Several Venezuelans in Tobago have been charged and appeared in court in the last two weeks for having the fraudulent extension stamps on their passports. The most recent development was last Friday.
The rash of fraudulent extension stamps sprung up in recent weeks as T&T has experienced an influx of Venezuelans. Most have been coming to try and register in T&T's amnesty exercise which continues until June 14.
Registration will allow Venezuelans who are here legally and illegally to stay in T&T and work for a year. The exercise continued at centres in Port-of-Spain, Duncan Village, south Trinidad, and Scarborough yesterday.
However, last Friday at the Scarborough court a Venezuelan national appeared to face a charge of having a fraudulent immigration extension stamp in his passport, Immigration and Tobago police officials confirmed.
He told the court he had "given his passport to someone" who had obtained the stamp for him. Officials said he had no attorney and pleaded guilty. The offence is seen as tampering with a legal instrument, they added.
The man was fined $3,000 and sternly reprimanded by the magistrate who said it was a very serious offence to have such fraudulent items in an official document and a strong message had to be sent to those who try to do it.
Two weeks prior to that, Tobago police said four Venezuelan men also appeared in the Tobago court charged with having fraudulent immigration extension stamps on their documents.
One of the men said in his defence that the period he had been allowed to stay for had expired previously and Immigration Division in Trinidad had refused to extend his stay. He claimed that someone had approached him "on the street" and he had paid $2,000 TT for an extension stamp that seemed real.
The men were charged $4,000 each by the magistrate. The magistrate in that case also reprimanded the men, adding such acts had to be discouraged.
Immigration officials have explained that when a stamp is tested under a certain light it shows up and if it does not show, it's not real.
Senior TTPS officials in Trinidad said they had heard of the fraudulent stamps issue which was being followed. Police are already probing sex slave trafficking problems, including regarding Venezuelans, allegedly involving police and other officials.
Tobago Immigration officials noted that last year a San Fernando court jailed a Venezuelan father for having a passport with an extension stamp which was not authentic. They also said last year April, a young Venezuelan student was fined $10,000 in San Fernando for having a passport where the extension stamp for her stay in T&T was also fraudulent. She had entered T&T illegally. They said they had noted the stamp issue was now cropping up in Tobago.
Yesterday, acting National Security Minister Fitzgerald Hinds said briefly that he was not aware of the particular matters in the Tobago court but was confident authorities would pursue any crime that had been committed with appropriate follow-up action.

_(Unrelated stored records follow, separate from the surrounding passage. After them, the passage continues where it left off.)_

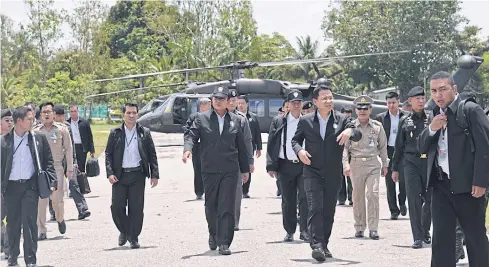  ?? PATTANAPON­G HIRUNARD ?? Prime Minister Prayut Chan-o-cha arrives in Sa Kaeo where he chaired a mobile cabinet meeting late last month.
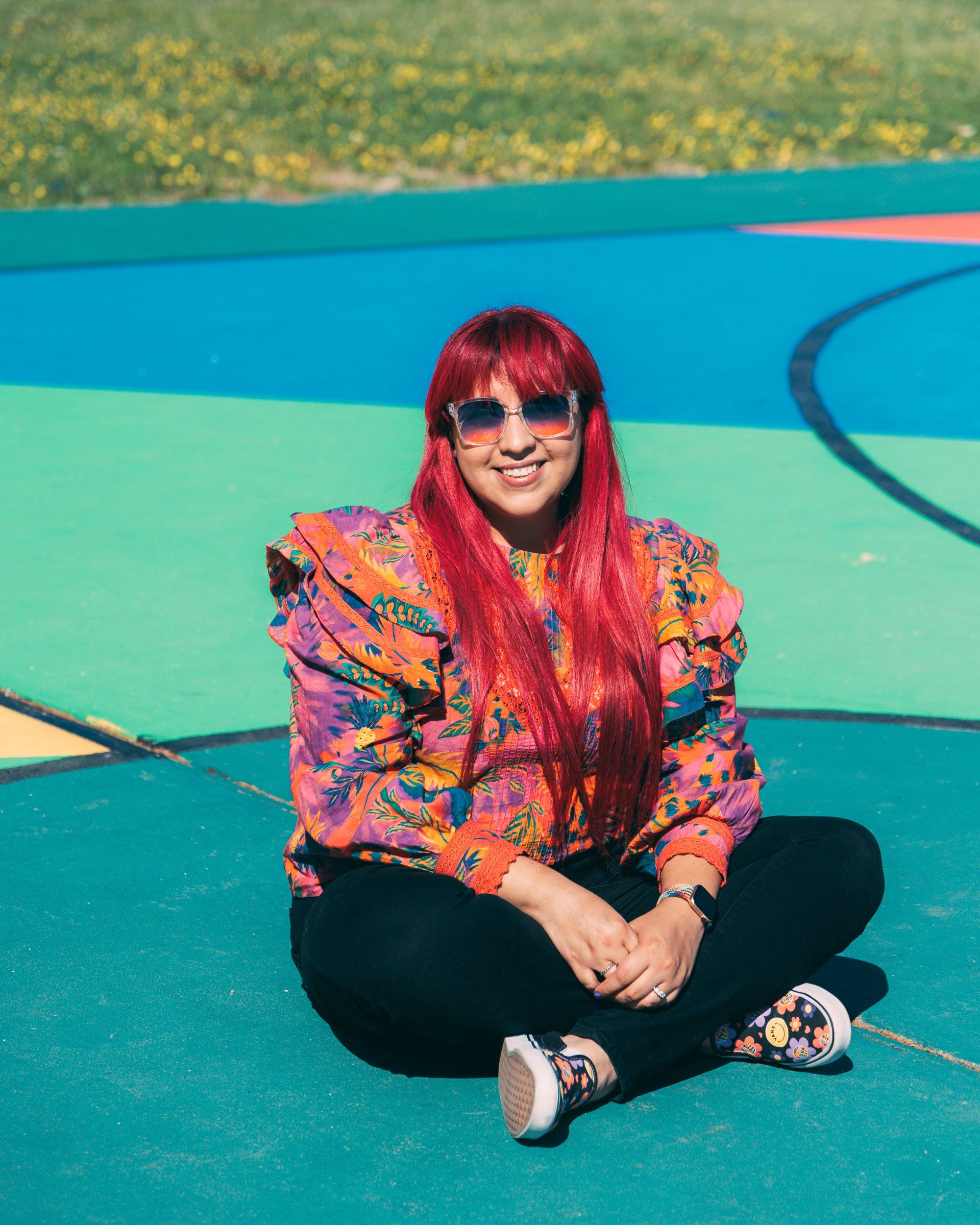 Person with vibrant red hair wearing sunglasses and a colorful floral jacket sits cross-legged on a teal outdoor surface.
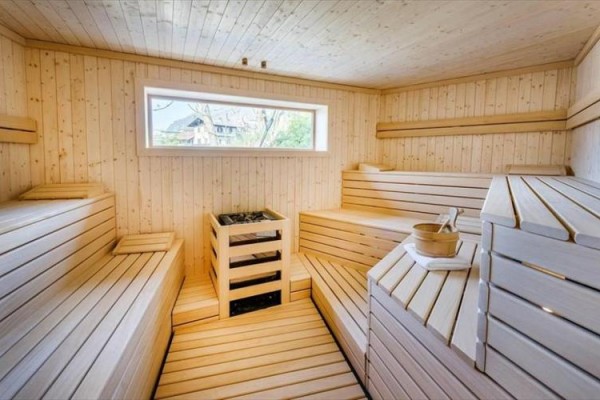 Dřevěná sauna s lavicemi a oknem.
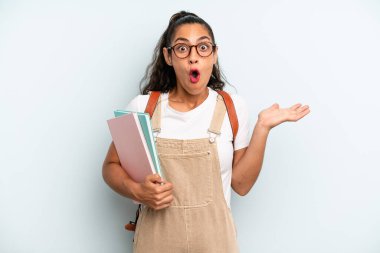 hispanic woman looking surprised and shocked, with jaw dropped holding an object. university student concept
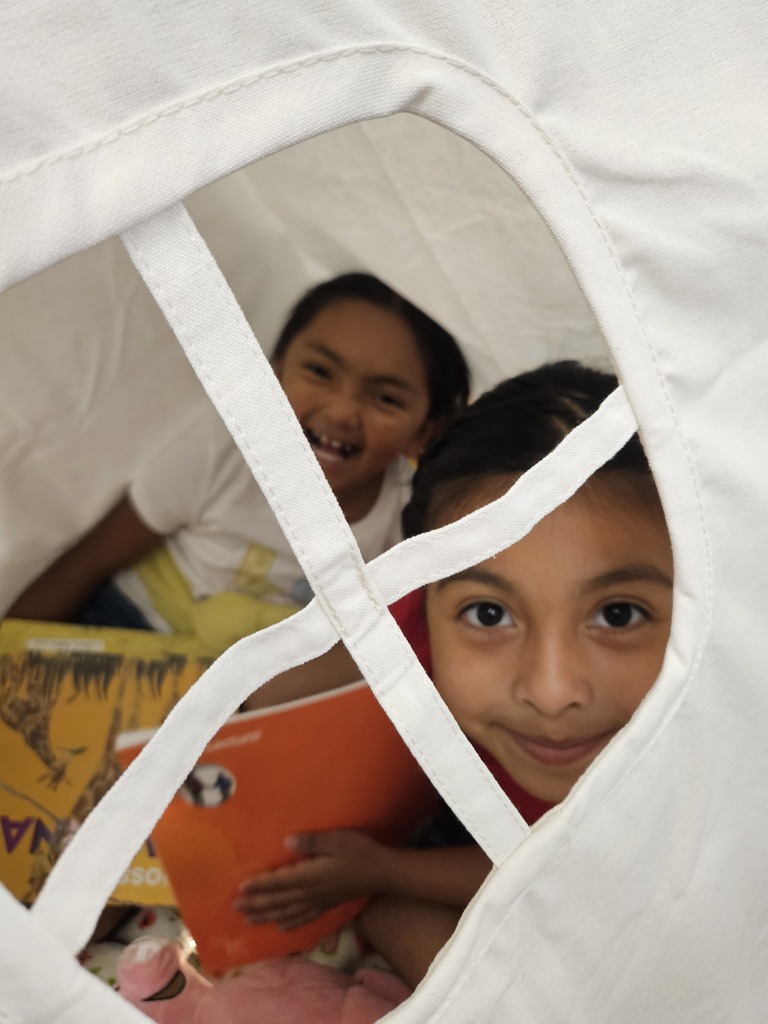 Children reading and smiling, creating reading nooks, tents and homemade lanterns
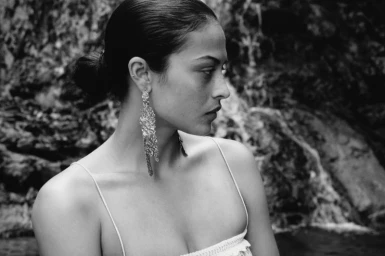 Black and white portrait of a woman wearing textured drop earrings against a rocky natural background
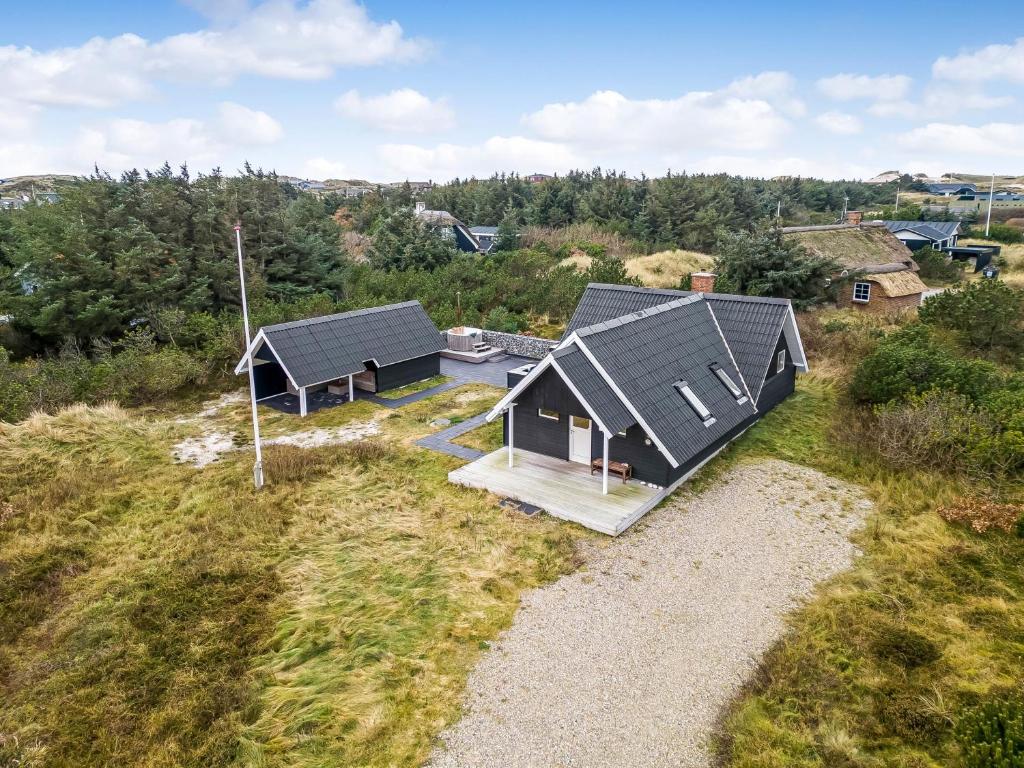 an overhead view of a house in a field at Vacation Home Renovated In 2023 With A 6-Person Hot Tub - 1010 in Ringkøbing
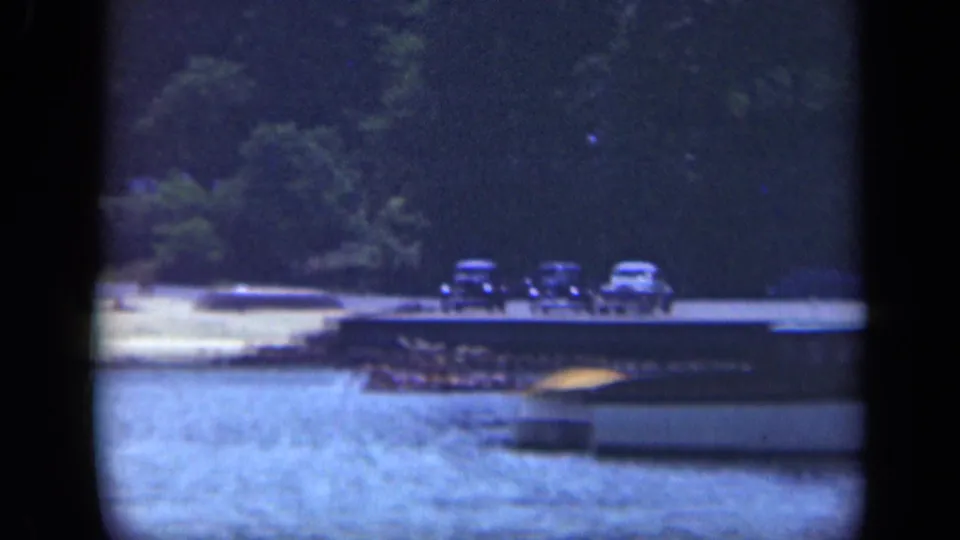 Classic cars sit near a Long Island waterfront dock, with water in the foreground and wooded shore behind.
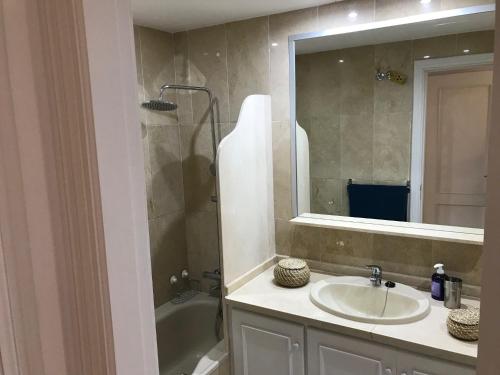 y baño con lavabo, ducha y espejo. en Marbella - Estepona beach frontline apartment, en Estepona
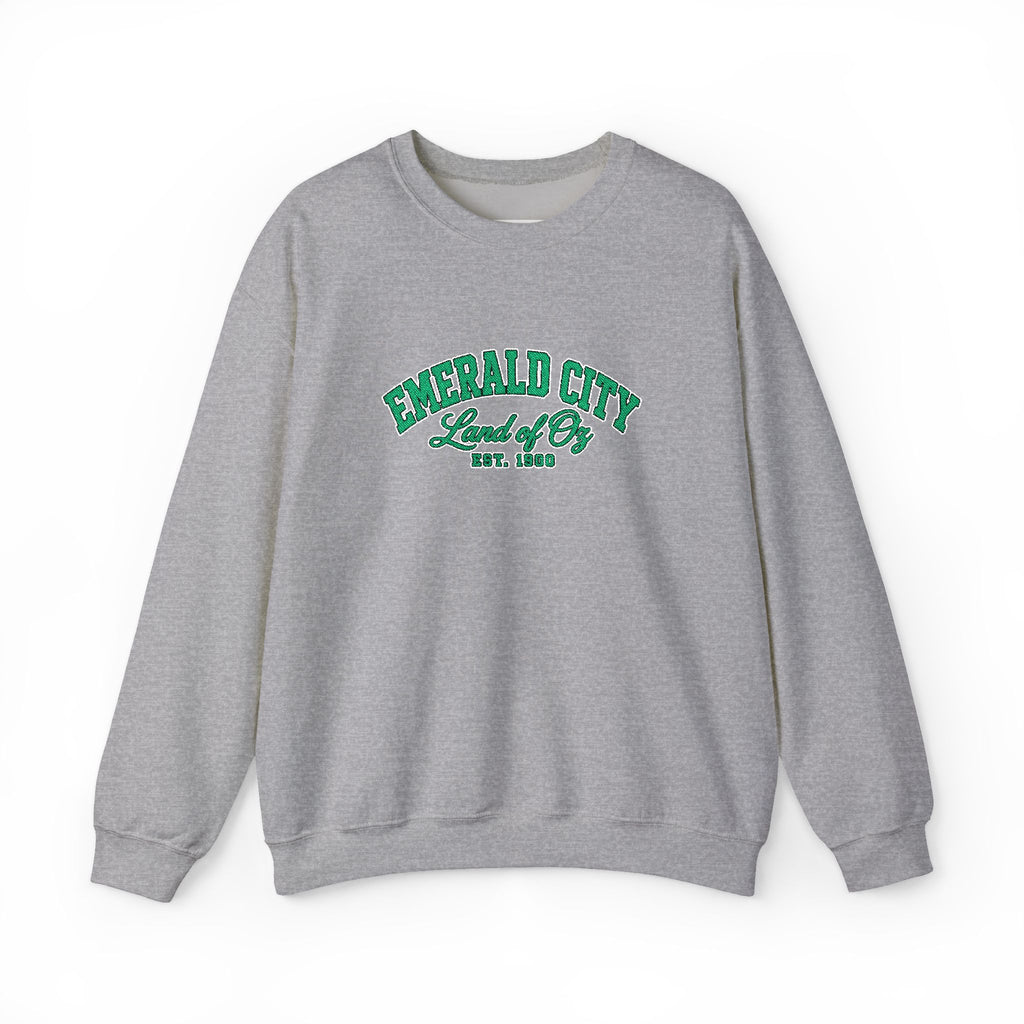 A gray crewneck sweatshirt with 'EMERALD CITY Land of Oz EST. 1893' printed in green on the chest, displayed against a plain white background.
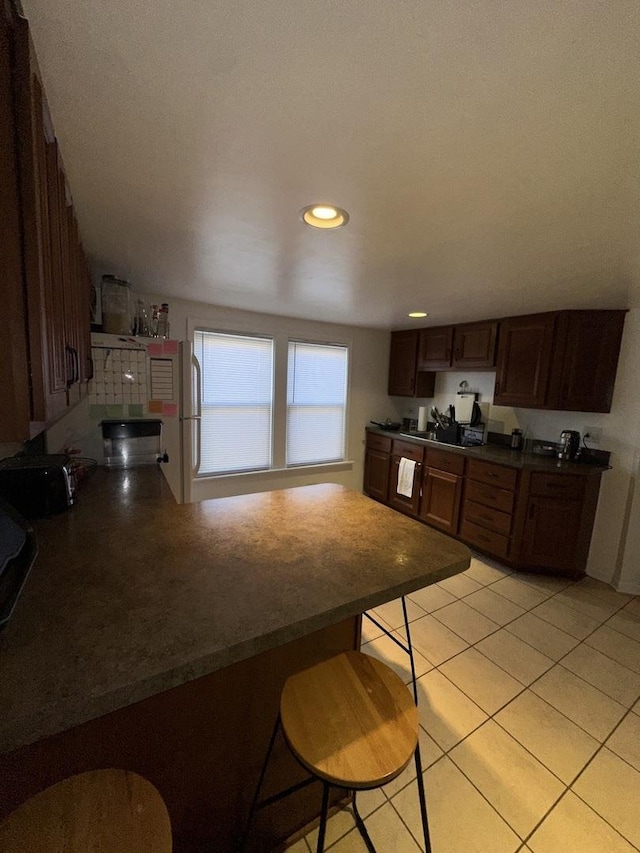 kitchen featuring light tile patterned flooring, a kitchen bar, kitchen peninsula, and white fridge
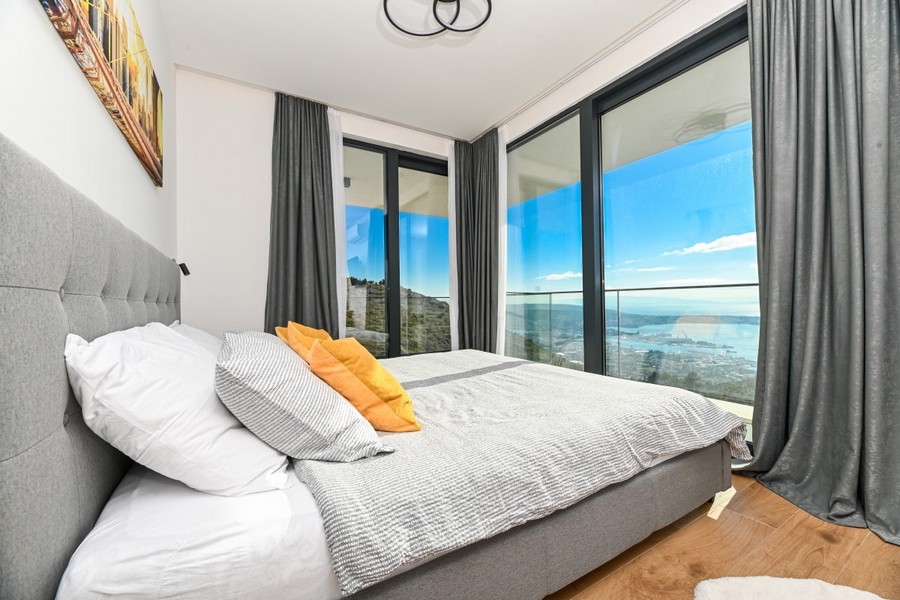 Bedroom with panoramic windows and sea views
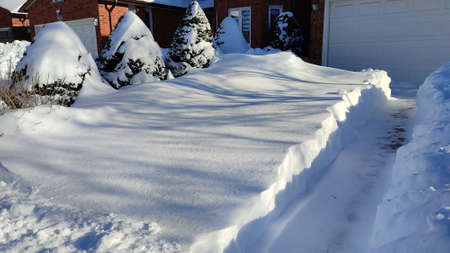 The driveway is covered with deep white snow in Canada for a weather or blizzard concept.の写真素材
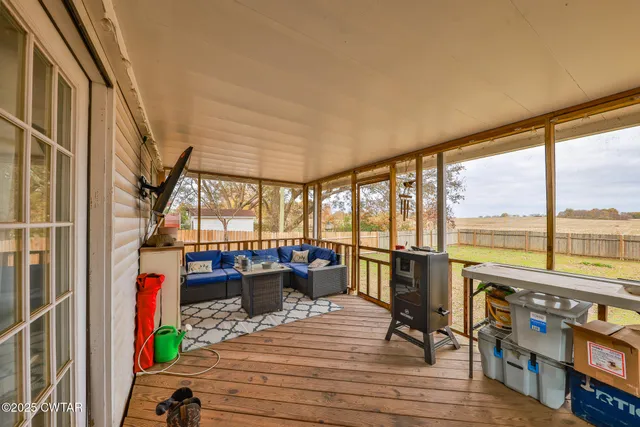 a view of a living room with a floor to ceiling window and wooden floor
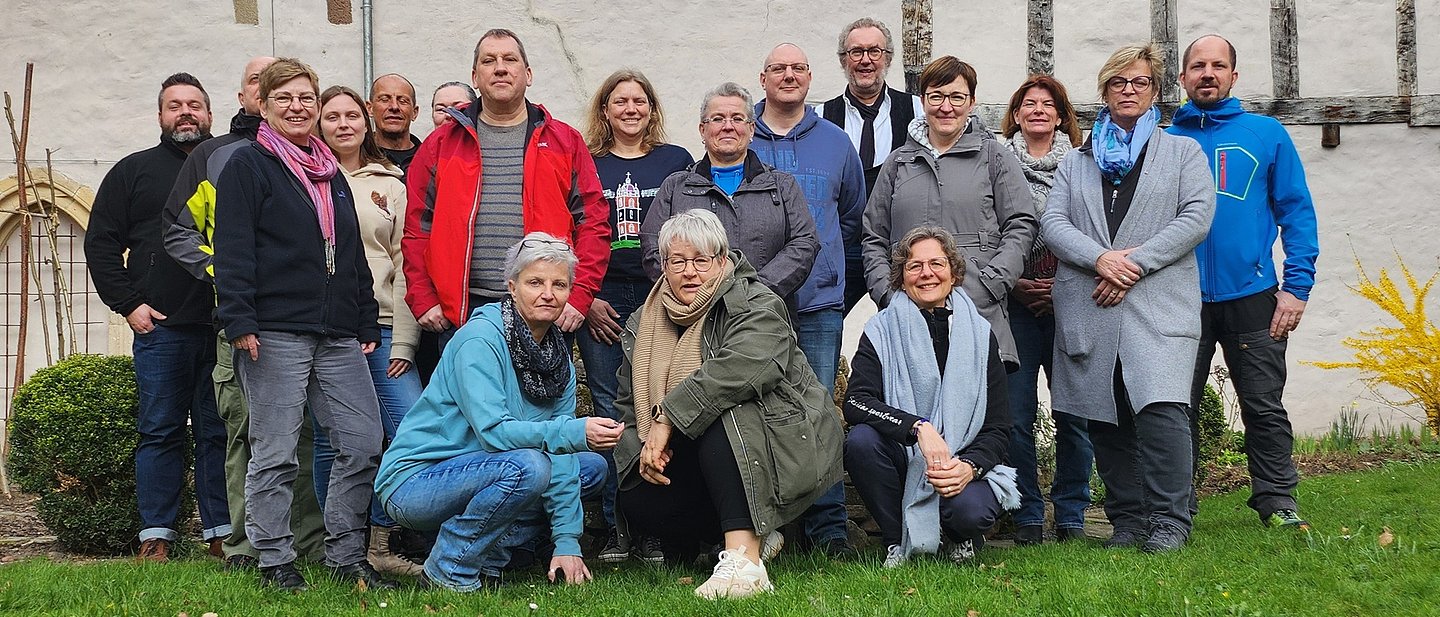 Eine Gruppe von Menschen steht vor einer alten Klostermauer.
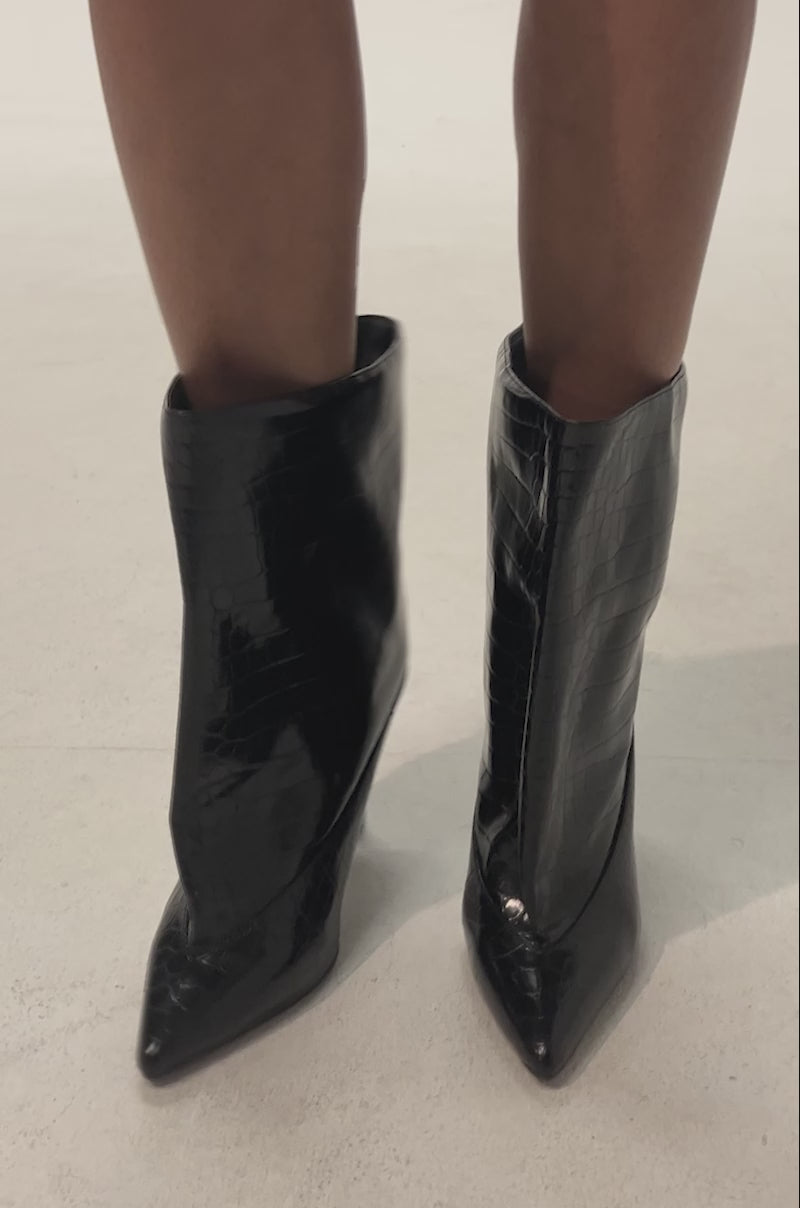 Video of woman modeling the AKIRA GOLD RITUAL BLACK CROC STILETTO BOOTIE—shiny black, crocodile-textured, pointed-toe stilettos with a wide shaft that reaches mid-calf—styled with bare legs against a plain background.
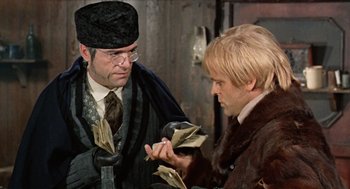 Movie still from “The Great Silence” (1968), directed by Sergio Corbucci – Two men are looking at a bundle of money; Close Up shot, Over the shoulder angle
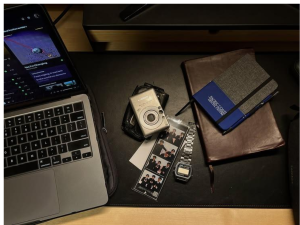 Foto dari atas ke bawah yang melihati laptop, kamera, jam tangan, strip foto, dan buku catatan di atas meja. Biaya barang-barang tersebut akan terpengaruhi oleh melemahnya nilai rupiah.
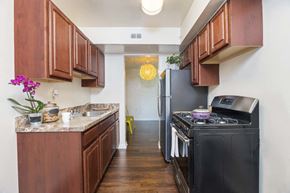 Hyattsville apartment for rent - a kitchen with black appliances and wooden cabinets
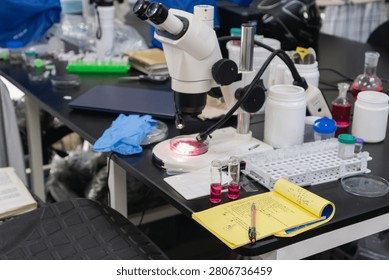Science laboratory setup with equipment and notes for research and experiment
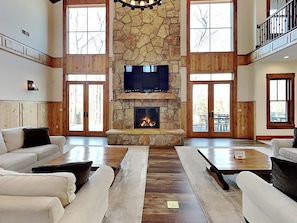 A spacious living room with a stone fireplace, large windows, and a high ceiling. - The Haven by Taylor Made Deep Creek (Oakland)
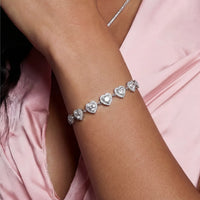 Moissanite heart bracelet worn on wrist featuring graduated sparkling heart motifs in sterling silver | Olaty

He noted there had been instances of people being charged with uttering forged/false documents. He said an incident where people might have purchased a false item from someone on the street who approached them, raised the possibility of a manufactured replica.
Last week, Tobago deputy chief secretary Joel Jack had said Tobago's situation with the Venezuelan influx is not anything like Trinidad's. "We're working with National Security on reinforced border security," he said.
Both Tobago Immigration and police said that increased security measures in the island in recent months included checking documents especially as numbers of Venezuelans there were "slightly up".
They said the origin of the fraudulent extension stamps had to be pursued particularly since "not every Venezuelan would have applied for the one-year amnesty, or might have been able to".
Meanwhile, security officials noted 22 kilos of marijuana were found in ice cream containers on the Tobago ferry on Wednesday. They said the "weed" packed into the ice cream, was found by a sniffer dog. One man was arrested.